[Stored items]
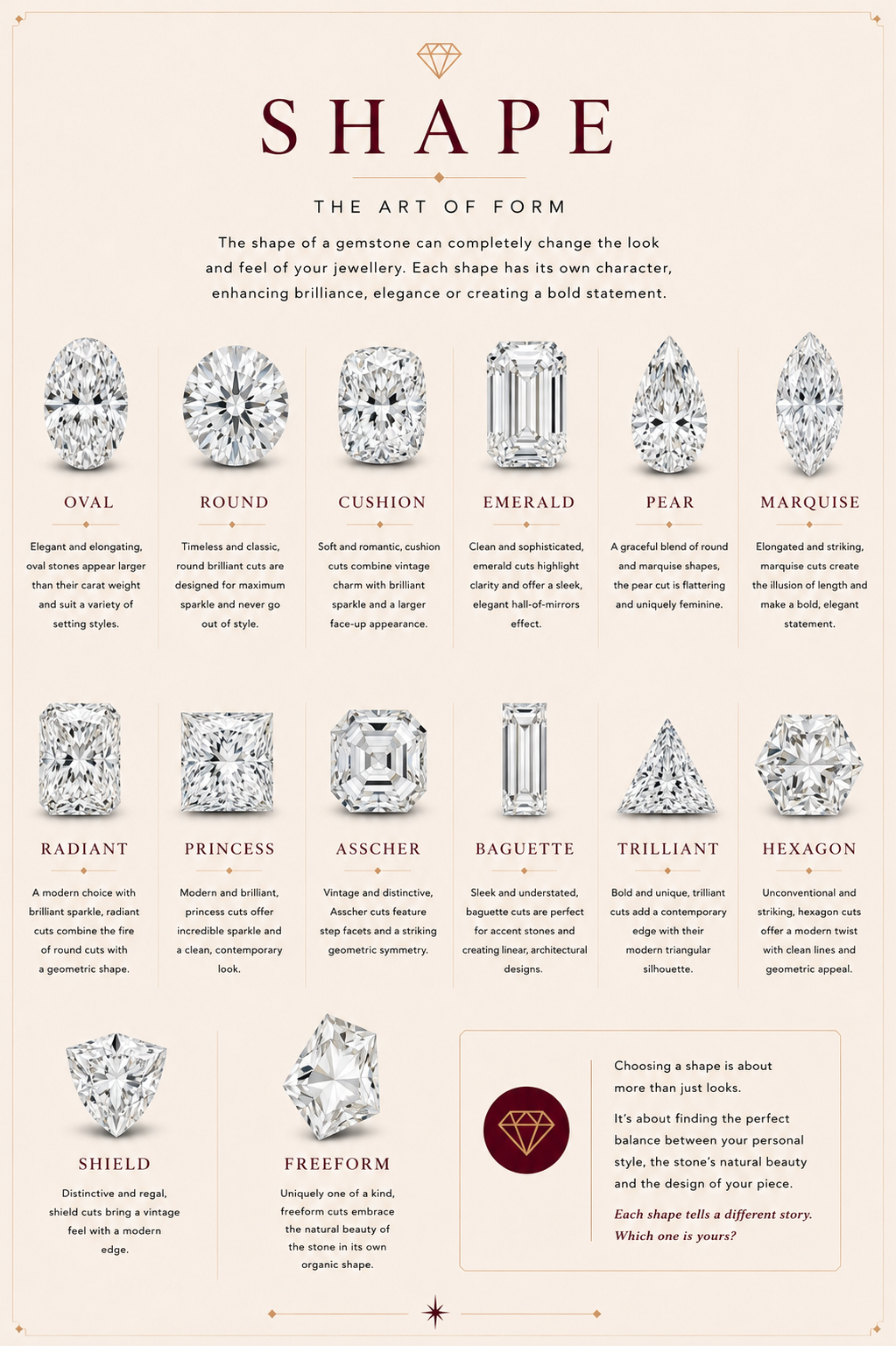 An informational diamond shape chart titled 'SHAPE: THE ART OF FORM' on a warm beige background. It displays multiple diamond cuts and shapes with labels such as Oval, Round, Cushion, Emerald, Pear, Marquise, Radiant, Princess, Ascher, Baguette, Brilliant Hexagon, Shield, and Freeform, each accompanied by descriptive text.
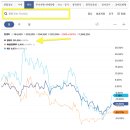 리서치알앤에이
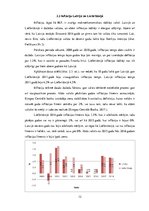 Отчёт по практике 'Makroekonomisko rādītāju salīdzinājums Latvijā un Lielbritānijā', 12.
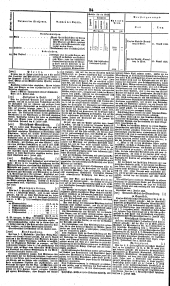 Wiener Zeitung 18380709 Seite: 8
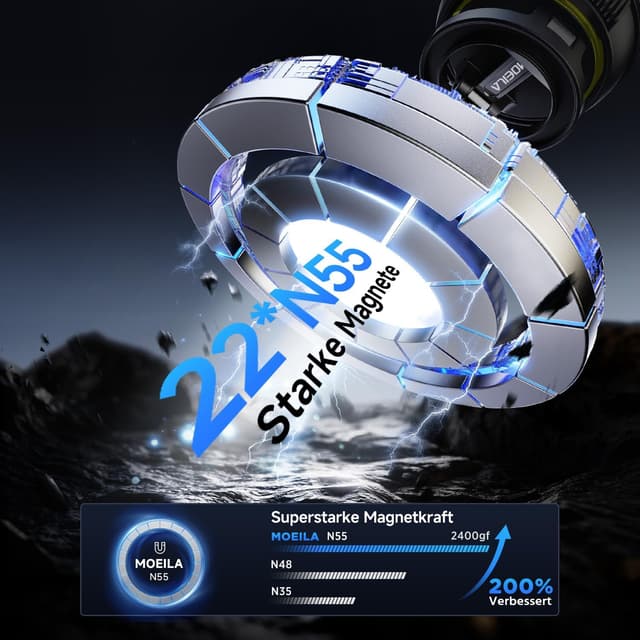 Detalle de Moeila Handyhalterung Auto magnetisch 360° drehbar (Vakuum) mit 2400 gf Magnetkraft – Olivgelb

» Your task
Print the data above exactly, minus pictures.

» Written reply
 An informational diamond shape chart titled 'SHAPE: THE ART OF FORM' on a warm beige background. It displays multiple diamond cuts and shapes with labels such as Oval, Round, Cushion, Emerald, Pear, Marquise, Radiant, Princess, Ascher, Baguette, Brilliant Hexagon, Shield, and Freeform, each accompanied by descriptive text.
 리서치알앤에이
 Отчёт по практике 'Makroekonomisko rādītāju salīdzinājums Latvijā un Lielbritānijā', 12.
 Wiener Zeitung 18380709 Seite: 8
 Detalle de Moeila Handyhalterung Auto magnetisch 360° drehbar (Vakuum) mit 2400 gf Magnetkraft – Olivgelb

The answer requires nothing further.